Repérage des parcelles en retard d'exploitation
L'objectif était de développer une méthode peu coûteuse permettant de localiser des peuplements en retard de gestion dans les petites forêts privées. Ces dernières représentent les principaux réservoirs de disponibilités supplémentaires dans le Grand Est, d'après les études menées par l’IGN. Repérer ces parcelles implique de distinguer les peuplements adultes, très denses et fermés des peuplements gérés, présentant des trouées ou une hauteur dominante moindre.
Acquisition d'images en stéréoscopie
Des images capturées par les satellites Pléïades ont été acquises en stéréoscopie, c'est-à-dire sous deux angles différents, pour afin de reconstituer une image en 3D du couvert forestier. Plusieurs couples ont ainsi été acquis sur l’ensemble du territoire de la Déodatie à l’été 2018 puis à l’été 2019.
Création d'un Modèle Numérique de Hauteurs
Ces images ont été traitées par le Laboratoire ICube-Sertit à l’aide de l’algorithme de stéréovision MGM (More Global Matching) de l’outil s2p, afin de générer une valeur d’altitude pour chaque pixel, et de produire ainsi un modèle numérique de surface sur l’ensemble de la zone.

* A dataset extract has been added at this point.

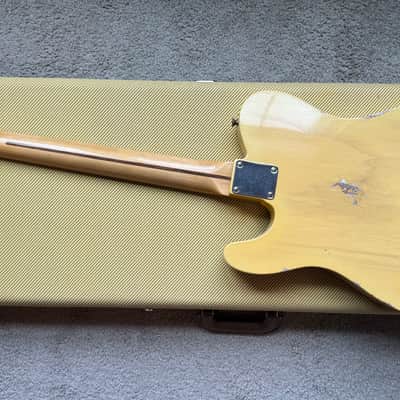 Fender Custom Shop Relic Telecaster image 4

Ce dernier a été croisé au modèle numérique de terrain issu du survol LiDAR afin d’obtenir un modèle numérique de hauteur qui a ensuite été partitionné en plusieurs classes.
Repérage des trouées
Pour chaque parcelle classée « bois » ou « landes » au cadastre en forêt privée, on a calculé le pourcentage de surface forestière, à l’aide du masque forestier de 2016 produit lors du monitoring régional. Toutes les parcelles dont la surface était occupée par moins de 20% de forêt ont été filtrées et écartées de l’analyse. En croisant le modèle numérique de hauteurs avec les contours des parcelles cadastrales ainsi retenues, on a relevé pour chacune d’entre elles le pourcentage de zones basses et d’ombres, c’est-à-dire de trouées, au sein de cette surface boisée.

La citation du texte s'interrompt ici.